— BRIEF —
Please transcribe the listing below in full and word for word, without its pictures.

— DATA SHOWN —
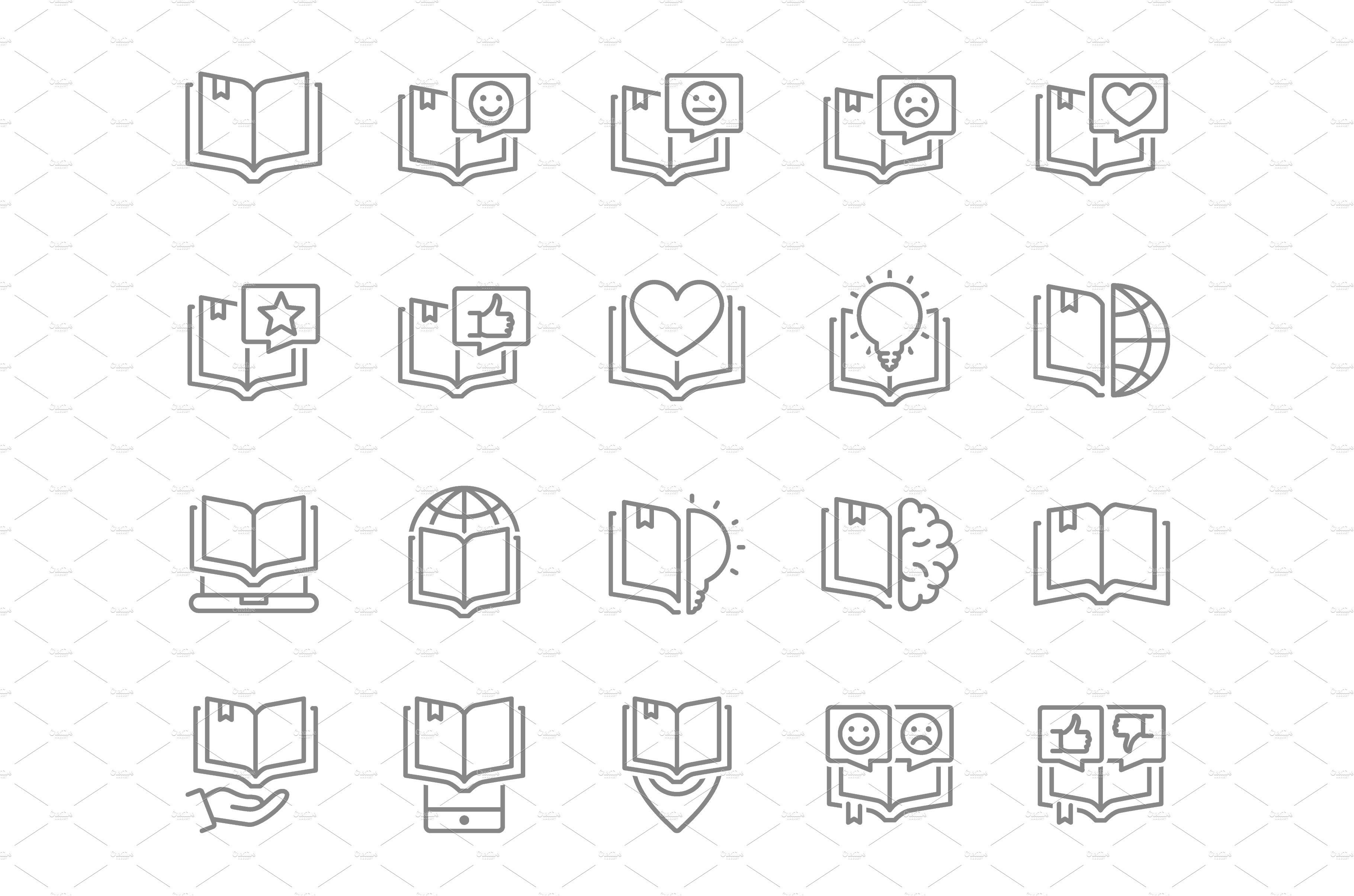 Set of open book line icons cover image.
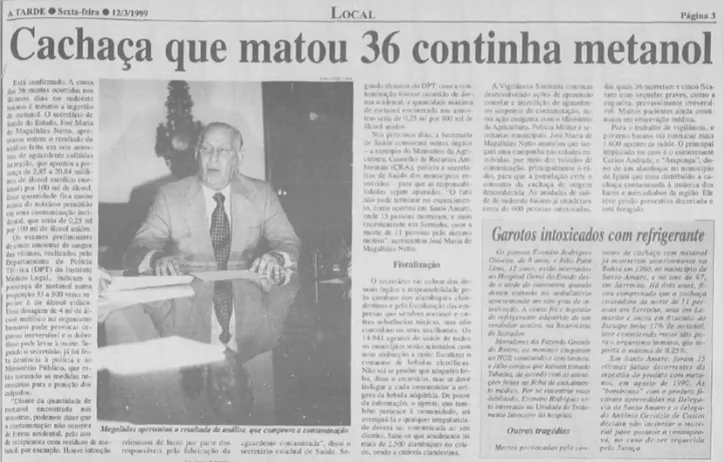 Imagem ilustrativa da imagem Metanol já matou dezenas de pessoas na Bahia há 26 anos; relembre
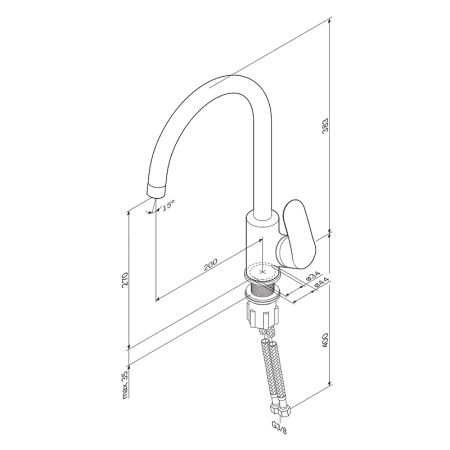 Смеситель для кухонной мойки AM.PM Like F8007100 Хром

— RESULT OF THE EXERCISE —
 Set of open book line icons cover image.
 Imagem ilustrativa da imagem Metanol já matou dezenas de pessoas na Bahia há 26 anos; relembre
 Смеситель для кухонной мойки AM.PM Like F8007100 Хром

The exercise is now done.